Treating Co-Occurring Substance Use and an Eating Disorder
It can be difficult to find a treatment center that addresses both an eating disorder and a substance use disorder. An analysis done by SAMHSA found that only 16% of 351 substance use disorder treatment centers offered programs for co-occurring SUD and ED.
The most commonly abused substances among people with eating disorders include:
People who struggle with both ED and SUD often have a higher rate of relapse, increased medical complications and longer recovery times. Fortunately, there are several treatment options for EDs, and multiple approaches may be used simultaneously. The most common treatments for an eating disorder are:
Psychotherapy: Psychotherapy for ED may use cognitive-behavioral therapy (CBT), which helps identify negative thoughts, feelings and behaviors and replaces them with healthy coping mechanisms. Using different therapy approaches can help provide someone with ED the coping skills necessary for recovery.

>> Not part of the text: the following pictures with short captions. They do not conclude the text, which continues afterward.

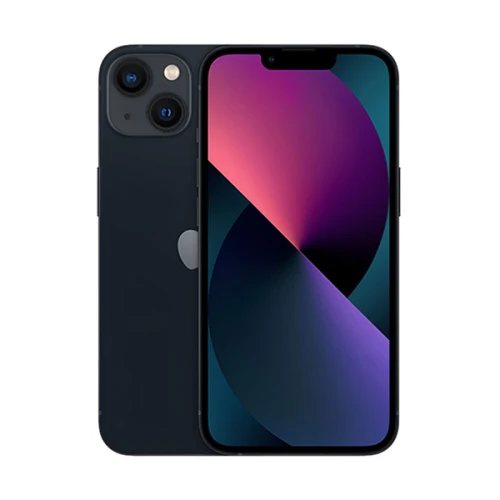 [13MR-128-N-EC-NR] Apple iPhone 13 mini (R) - Reconditionné (128Go, Non, État correct, Noir)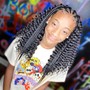 Box Braids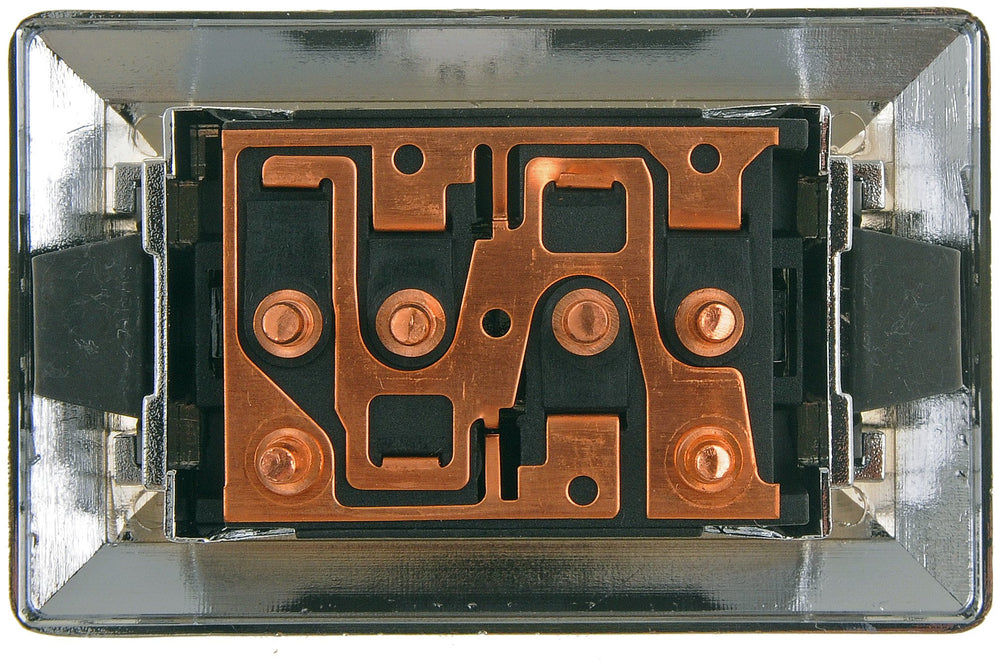 In-vehicle installation view demonstrating seamless replacement and restored window control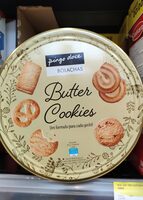 Butter Cookies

Nutritional Rehabilitation: Those with severe restrictive behaviors or repeated binging are at higher risk for health complications, such as electrolyte imbalance, cardiac issues and even death. Those who require nutritional support are put on a high-calorie meal plan that helps them gain weight at a medically and emotionally steady pace of up to one pound per week.
Pharmacotherapy: Stimulants, anticonvulsants and antidepressants can be effective medications for ED treatment, depending on the type of eating disorder. For example, selective serotonin reuptake inhibitors (SSRIs) like Fluoxetine help people with binge eating disorder, as it reduces binging episodes and improves mood.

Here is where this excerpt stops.